The time series is generated and plotted below.

set.seed(986)
n <- 48  #use length from text
betas <- c(0.771, -0.222)  #use betas from text
epsilon <- rnorm(50 + n, 0, 1)  #gaussian white noise
ts <- filter(epsilon, filter = betas, method = "recursive")
ts <- ts[51:length(ts)]  #drop first 50 points
ts <- scale(ts, center = TRUE, scale = FALSE)  #center time series
ts.plot(ts)

plot of chunk unnamed-chunk-23

(b) Estimate the coefficients of the second order autoregression fit to the data generated in (a)

The estimated coefficients are printed below.

ft <- ar(ts, order.max = 2, method = "ols")  #fit coefficients
coefest <- ft$ar[, , 1]  #get coefficients
cat("Estimated beta-1 is", coefest[1], "and estimated beta-2 is", coefest[2])  #print coefficients
## Estimated beta-1 is 0.854 and estimated beta-2 is -0.4118

(c) Obtain the bootstrap distribution associated with the fit in (b).

First define timeseries generation function, adapted from AR(1) example in class.

generate_ar2 <- function(betas, t1, t2, epsilon) {
    # assumes epsilon has (NA,NA,...) follows book and just uses first two tp
    # from sample
    n <- length(epsilon)
    ts <- rep(0, n)
    ts[1:2] <- c(t1, t2)
    for (t in 3:n) {
        ts[t] <- betas[1] * ts[t - 1] + betas[2] * ts[t - 2] + epsilon[t]
    }
    return(ts)
}

Use disturbance term distribution and estimated coefficients to generate 500 bootstrap replications of the coefficients, and print the distributions.

ehat <- ft$resid[3:length(ft$resid)]  #no estimated eps for first two tps
B <- 500
boot <- matrix(NA, B, 2)  #2 cols two beta terms

for (b in 1:B) {
    t1 <- ts[1]  #following book, just choosing first tp in sample
    t2 <- ts[2]  #following book, just choosing second tp in sample
    eps <- c(NA, NA, sample(ehat, length(ehat), replace = TRUE))  #sample disturbance terms, append 2 NAs to beginning since we won't use disturbance terms for tp1 and tp2
    t <- generate_ar2(coefest, t1, t2, eps)
    fit <- ar(t, order.max = 2, method = "ols")
    cboot <- fit$ar[, , 1]
    if (length(cboot) < 2) 
        cboot <- c(cboot, NA)  #avoid recyling by accident
    boot[b, ] <- cboot
}

hist(boot[, 1], main = "Histogram of Boostrap Replications of Coefficient 1")

plot of chunk unnamed-chunk-26

hist(boot[, 2], main = "Histogram of Boostrap Replications of Coefficient 2")

plot of chunk unnamed-chunk-26

(d) Compare the standard errors for the AR(2) coefficient \( \boldsymbol{\beta_{2}} \) available from R for the autoregressive coefficients and the standard errors available from bootstrapping.

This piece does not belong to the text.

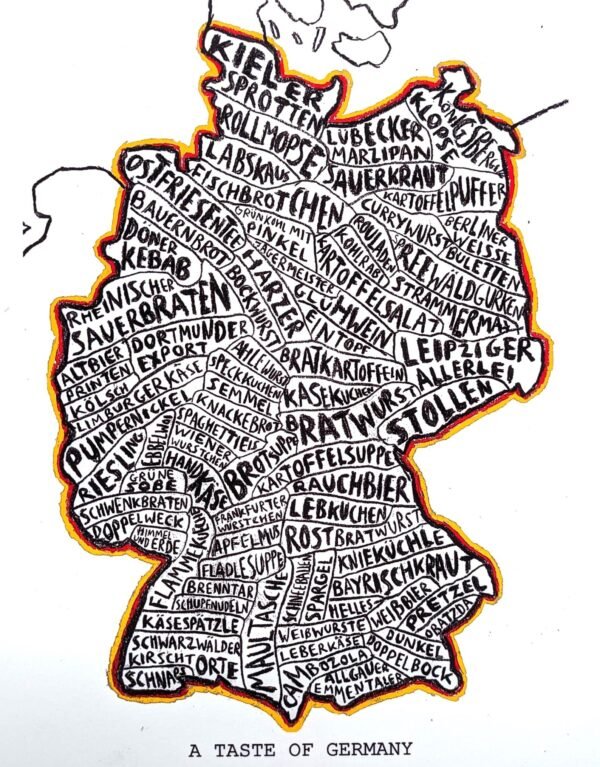 Germany map, food version I 8in x 10in print - Image 3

Comment on any similarities of discrepancies.

# SE from bootstrap
cat("Bootstrap standard error of first-order coefficient is", sd(boot[, 1], 
    na.rm = TRUE))
## Bootstrap standard error of first-order coefficient is 0.1417
cat("Bootstrap standard error of second-order coefficient is", sd(boot[, 2], 
    na.rm = TRUE))
## Bootstrap standard error of second-order coefficient is 0.1182

# SE from R
cat("R standard error of first-order coefficient is", ft$asy.se.coef$ar[1])
## R standard error of first-order coefficient is 0.1317
cat("R standard error of second-order coefficient is", ft$asy.se.coef$ar[2])
## R standard error of second-order coefficient is 0.1321

The estimated standard error for the second-order coefficient is very similar to the estimate from R (0.1182 compared to 0.1321). However, the standard error obtained by bootstrapping is slightly lower than that obtained by R (at least for the second-order coefficient).

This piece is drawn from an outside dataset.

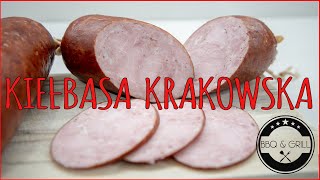 Kiełbasa Krakowska wędzona wędzarnia elektryczna [upl. by Yecnuahc]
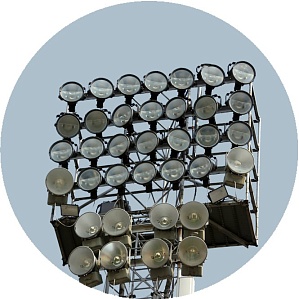 Мачты освещения со стационарной короной ВМОН-16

(e) Using your answers to (a) and (b), do an actual sampling experiment, not a boostrap experiment, to determine the actual standard error of \( \boldsymbol{\beta_{2}} \). Compare the results with the results from (c) and (d).

Create 500 time series with randomly generated disturbance terms and estimate the beta coefficients.

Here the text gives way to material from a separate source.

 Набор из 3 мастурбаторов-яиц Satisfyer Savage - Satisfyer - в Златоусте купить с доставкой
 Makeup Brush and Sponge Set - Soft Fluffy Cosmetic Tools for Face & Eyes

n <- 48  #use length from text
betas <- c(0.771, -0.222)  #use betas from text
sampexp <- matrix(NA, B, 2)  #draw same number of real samples as bootstrap replications

for (s in 1:B) {

    # generate data
    epsilon <- rnorm(50 + n, 0, 1)  #gaussian white noise
    ts <- filter(epsilon, filter = betas, method = "recursive")
    ts <- ts[51:length(ts)]  #drop first 50 points
    ts <- scale(ts, center = TRUE, scale = FALSE)  #center time series

    # fit data
    ft <- ar(ts, order.max = 2, method = "ols")  #fit coefficients
    coefest <- ft$ar[, , 1]  #get coefficients
    if (length(coefest) < 2) 
        coefest <- c(coefest, NA)  #avoid recyling by accident
    sampexp[s, ] <- coefest
}

Plot histograms of coefficients obtained from drawing 500 samples from the population. The histograms look similar in distribution / variance to those obtained from the boostrap replication. However, the mean of the sampling distribution is closer to the true mean (although still not quite there) as the boostrap replication mean was influenced by the mean of our single sample from the population.

par(mfrow = c(2, 1))
hist(sampexp[, 2], main = "Histogram of Sampling Replications of Coefficient 2", 
    xlim = c(-1, 0.2))
hist(boot[, 2], main = "Histogram of Bootstrap Replications of Coefficient 2", 
    xlim = c(-1, 0.2))

plot of chunk unnamed-chunk-29

par(mfrow = c(1, 1))

The estimated standard errors from the sampling experiment and bootstrap experiment are very similar (0.1098 compared to 0.1182).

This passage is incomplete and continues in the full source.